Warsaw’s most famous symbol is the Stalinist Palace of Science and Culture, gifted by Stalin to the Polish people, and built and designed by the Soviets in the early 1950s, and still the tallest building in town. Away from this, the Poles themselves were rapidly rebuilding their city, entirely destroyed by the Nazis (“The city must completely disappear from the surface of the earth” said sweet old Heinrich Himmler) during WWII. One of them had a remarkable talent, Arseniusz Romanowicz, who from 1951 worked in the sufficiently socialist sounding Central Bureau of Studies and Projects Railway Construction. During the next twenty plus years he added some very distinct and wonderful station buildings, and all designed and built without the advantage of CAD software.
Viewport was in town to give a presentation at the GIS Warsaw International Architecture Conference (as you do) but managed to slip out in the dying light of a cold and misty February afternoon to check out Romanowicz’ legacy to the city. They are in a bit of a mixed state of repair – much like the city itself.
The earliest one and now in tip top condition is Warszawa Stadion, built in 1958 fully refurbished for the Uefa Euro 2012 which Poland co-hosted. It’s best feature is the curved concrete canopy that is the entrance to the underpass.
Next up from 1963 and one of the most dramatic is the Ochota Station with its saddle-shaped hyperbolic paraboloid roof (covered in snow when I was there) with its striped black and white mosaic pattern. More exciting to the citizens of Warsaw when it first opened, were the escalators to take passengers down to the platforms from street level. You had to get in quick because they soon stopped working and remained unrepaired for decades.
Down the line is the Powisle Station with its amazing and expressionistic concrete shelters on the platforms.

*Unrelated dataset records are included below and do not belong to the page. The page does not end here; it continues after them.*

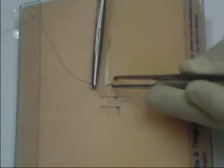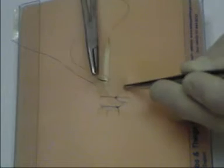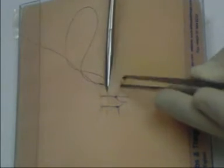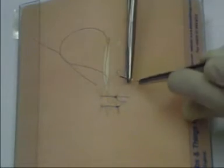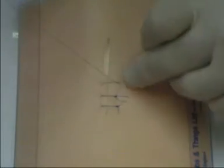In simple skin suturing, the needle is inserted vertically, emerging at the deepest point of the wound. It is then placed deeply to emerge through the skin symmetrically with the first side. Monofilament nylon is often used.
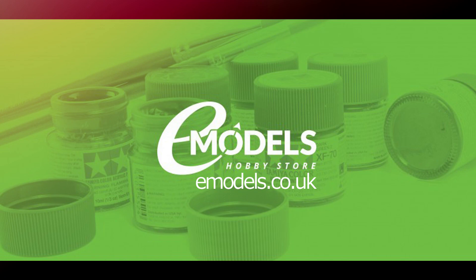Oh, Mystery Package Time! Model Making Guru is sponsored by eModels.co.uk. Make something awesome.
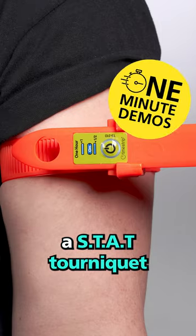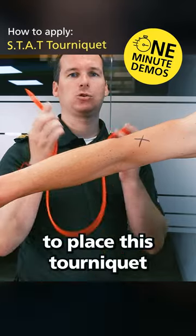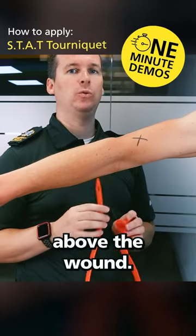This is how to apply a STAT tourniquet. If our wound was this X here, we're going to place this tourniquet about two or three inches above the wound.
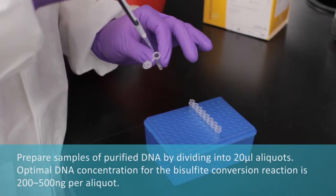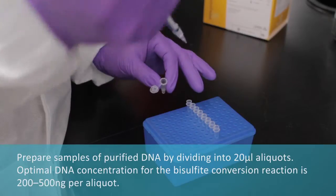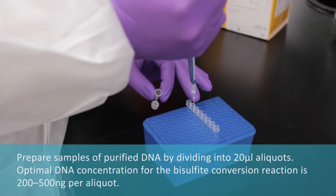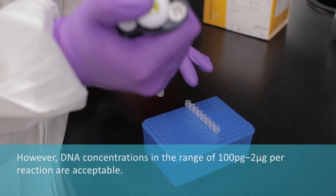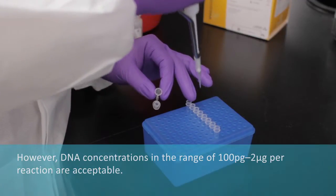Prepare samples by dividing purified DNA into 20 mL aliquots. Optimal DNA concentration for the bisulfite conversion reaction is 200 to 500 ng per aliquot. However, DNA concentrations in the range of 100 pg to 2 mcg per reaction are acceptable.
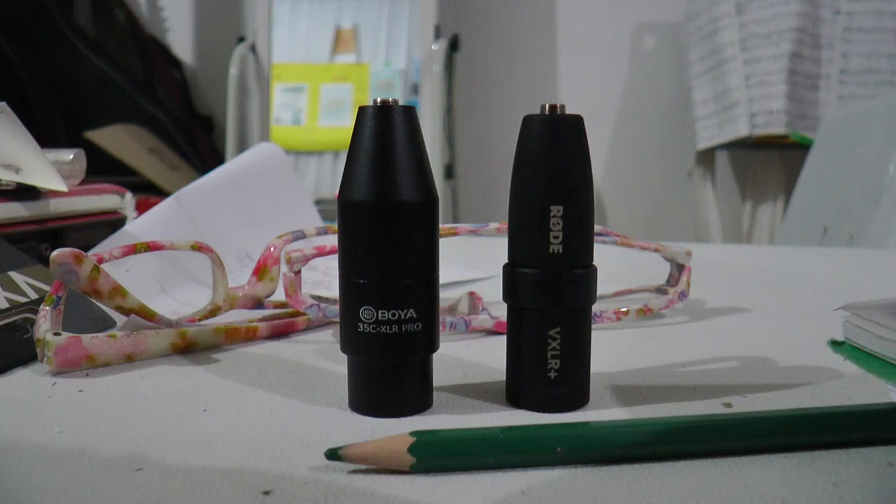Check mic test. This is the Boya 3C XLR Pro, about 3 inches from my mouth, with the mic that comes with the Boya WM6. Now let us try the VXLR Pro Plus.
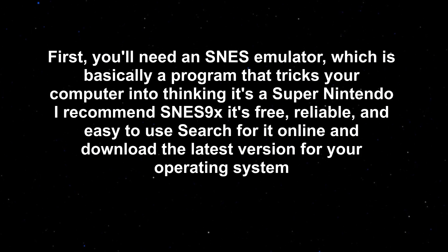First, you'll need an SNES emulator, which is basically a program that tricks your computer into thinking it's a Super Nintendo. I recommend SNES9X — it's free, reliable, and easy to use. Search for it online and download the latest version for your operating system.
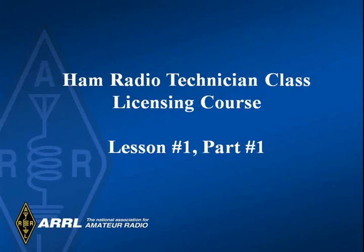Hello, and welcome to lesson number one of this ham radio technician licensing training class. My name is John, and I will be your instructor. By the way, Morse code is no longer required to get your amateur radio license.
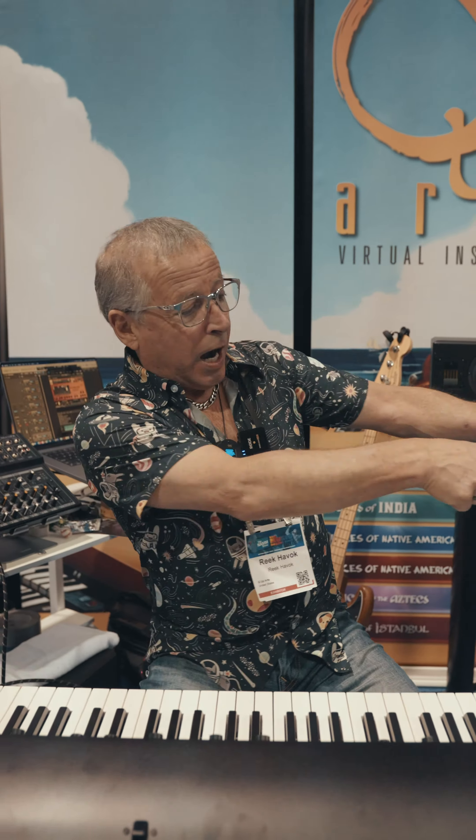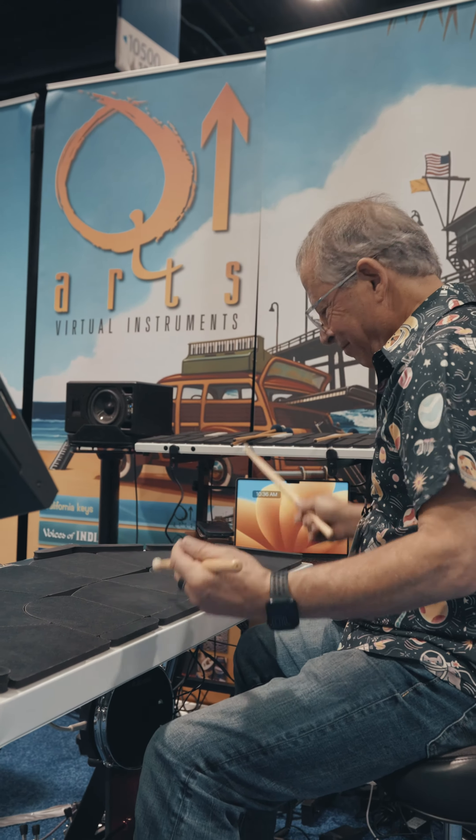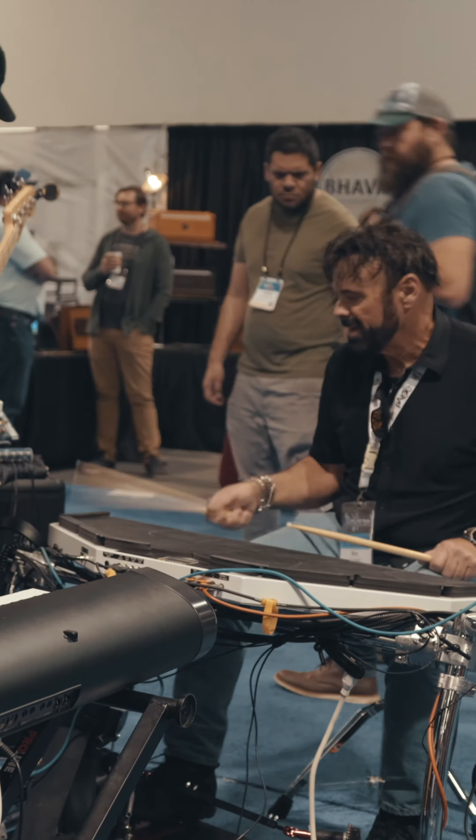Hi, I'm Rick Havoc. I'm working here at the QF Arts booth. We're demonstrating this huge library of sound today at the amp show. I'm playing on this unit, which is called a Trap Cat.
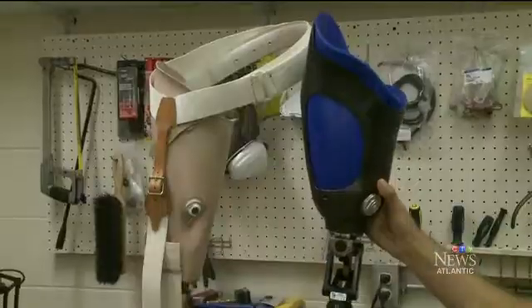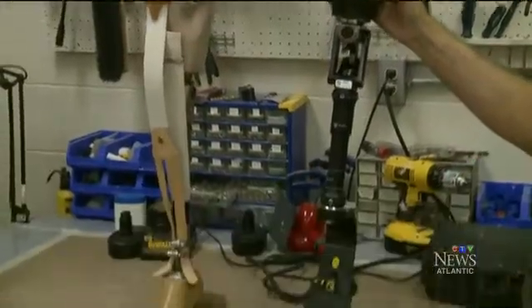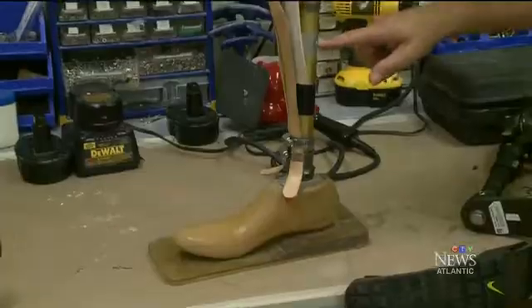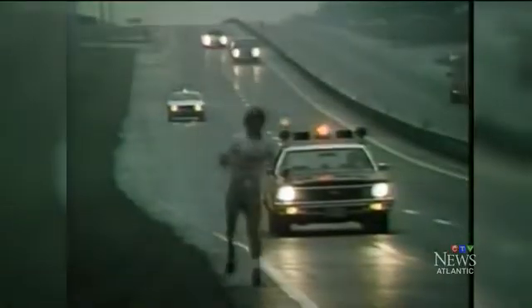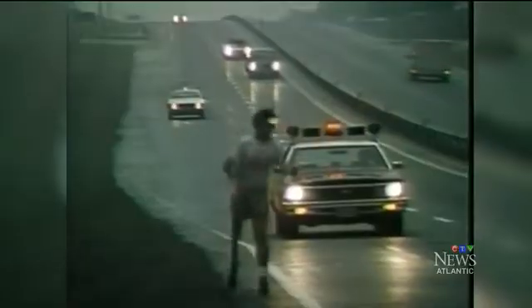Modern prosthetics like this one are lighter, conserve energy, and are much more comfortable than the one Fox used. One of the only modifications to Fox's leg were elastic straps for his knee, causing his famous hop-skip gait. "It would be really interesting to see if he would have had the chance to run on that type of technology, if his journey would have been any different."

At one end is a circular ticket office pavilion (now a cool and trendy bar) and at the other end raised above the tunnel exit is another glass and steel ticket office and waiting room pavilion.
In between them all is the Central Station built as a no-expense-spared project, as Warsaw geared itself up to greet Leonid Brezhnev, the Soviet leader, in 1975, who wanted to arrive in town by train. It is completely different in scale with its vast ticket hall and huge winged roof. The Polish president said to Romanowicz:”If you need funds for the construction, don’t worry, they will be found.” Automatic doors were imported from Switzerland, suspended ceilings from Holland, clocks from Italy and marble was liberally used for the walls and stairs. It was intended as a beautiful landmark for the socialist fatherland. The transparency of the ticket hall with its slim concrete columns and huge glazed façade to allow views over the city, has a large staircase leading down to a series of crowded underground shopping tunnels, the overall effect is in some contrast to the futuristic and optimistic style of the earlier stations.
Arseniusz Romanowicz’s philosophy was that buildings should be “functional, aesthetic and economic” and together these stations are a symbol of his (and his colleagues’ of course) determination to rebuild the city with some verve and integrity, almost as an affront to the grandiosity and pretension of the city’s main symbol with its backward looking architecture, imposed on the Poles by the Soviets.